The sun is coming out have a good weekend.

Anonymous said...

Yes it sure is a change! A palate cleanser perhaps for what's to come next week. Hope you have a nice weekend. Dan Walsh's work can be poetic sometimes, calming.

Anonymous said...

LIKEY!! in fact LOVEY!!
i love this guy's work. and it's one of those times when I really want to yell out/ it needs to be seen in real life, cuz this one wont do it as strongly as the roomful. sometimes they look like drawers, or monitors, or shelves. love! love!

Anonymous said...

Yes sweet anon. it's true. Shout it from the mountain! Dan Walsh is an amazing painter!!! P.Cooper knows her stuff. Seeing in person helps...
Why is it so good?
He uses a type of non-color that is so unusual. His shapes are reminiscent, but like nothing you've ever seen. The scale is perfect.

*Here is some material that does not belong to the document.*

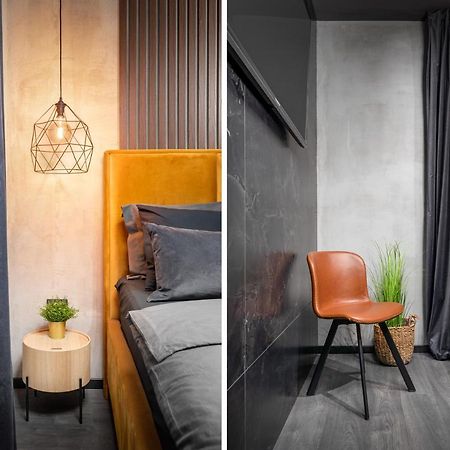 Luxury Elit Apartment Πούλα Εξωτερικό φωτογραφία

One of my top 10 artists.

Anonymous said...

i think i missed the boat on dan walsh. i completely get it and boy am i bored. everytime i look at his work i feel like i just read(?) an issue of wallpaper magazine. i have a feeling i'm going to be slammed for this one but go easy on me, i ingest soutine and ensor for breakfast lunch and dinner. just not my thing here. hmm, i might be inclined to look at a mangold or a haley over this guy anyday though...

Anonymous said...

hey mayberry, have you seen them in real life? the forms are wierdly familiar but you cant place them. a lot more like that famous B&W myron stout (it's in the PS1 show and looks vaguely like an old fashioned tv screen) than like anyting as pomo as halley or as geometric as mangold.

Anonymous said...

gdp: yeah, i've seen them in the past...i think i even saw the last paula cooper show he had a few years ago. i actually quite like what he does with representation/abstraction and they are impressive in person but in the end it's just not my thing. by the way, this alias thing is fun, i feel like i'm playing a multiplayer online video game!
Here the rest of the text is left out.